With this command we add a new redirection rule to one of the chains.
Let us take a closer look at this command:
- The arguments
-t nat -A OUTPUTspecify which table and rule chain to use -m owner ! --uid-owner mitmproxyusermeans that this rule applies only to packets originating from users not called “mitmproxyuser”, so that we avoid infinite redirection loops--dport 1:65535means that this rule applies to packets destined for any port- Finally,
-j REDIRECT --to-port 8080specifies the action performed on the packets, i.e., they should be redirected tolocalhost:8080, where the mitmproxy instance was started in the previous step
It is important that this instance was started under the correct user. If everything was set up correctly now you should be able to see all your traffic in the mitmproxy. You can try it out by running an integration test, firing a curl request, or simply using a browser. When you are done or run into issues the following command clears all iptable rules (even the ones you may have configured before, but nat table is usually empty anyway):
sudo iptables -t nat -F && sudo ip6tables -t nat -FTransparent proxying with an upstream proxy
In my case this was not the end of the story, though, as the network is split into an internal one containing internal services and external one, which provides access to the outer internet.
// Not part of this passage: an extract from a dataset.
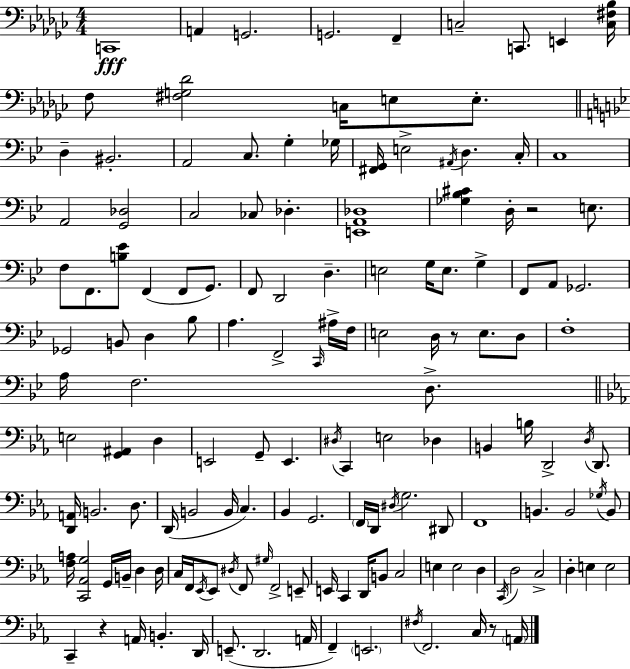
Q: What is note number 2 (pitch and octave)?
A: A2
Funnily enough, the internal services are also accessible through the outer proxy.
Unfortunately, mitmproxy in the transparent mode does not play well with upstream proxy.
According to the maintainer this is to keep the source code simpler and the proposed solution is to use another tool called proxychains that will chain the upstream proxy after the mitmproxy.
This turned out quite easy to setup and worked well for external resources, but led to another quite subtle problem for internal routes.
The internal services in the network resolve to different IPs for my machine and the corporate proxy machine.
Unfortunately, mitmproxy does not support remote DNS resolution and therefore the requests to the internal resources were addressed to the wrong IPs (when routed through the outer proxy) and could not reach their destinations. In the end, I decided against chaining proxies altogether, as the integration tests seemed to perform calls only to the internal services and therefore did not require outer proxy at all.
In conclusion, I was surprised how much investigation and networking knowledge was required for such seemingly ordinary request as eavesdropping on your program’s internet traffic.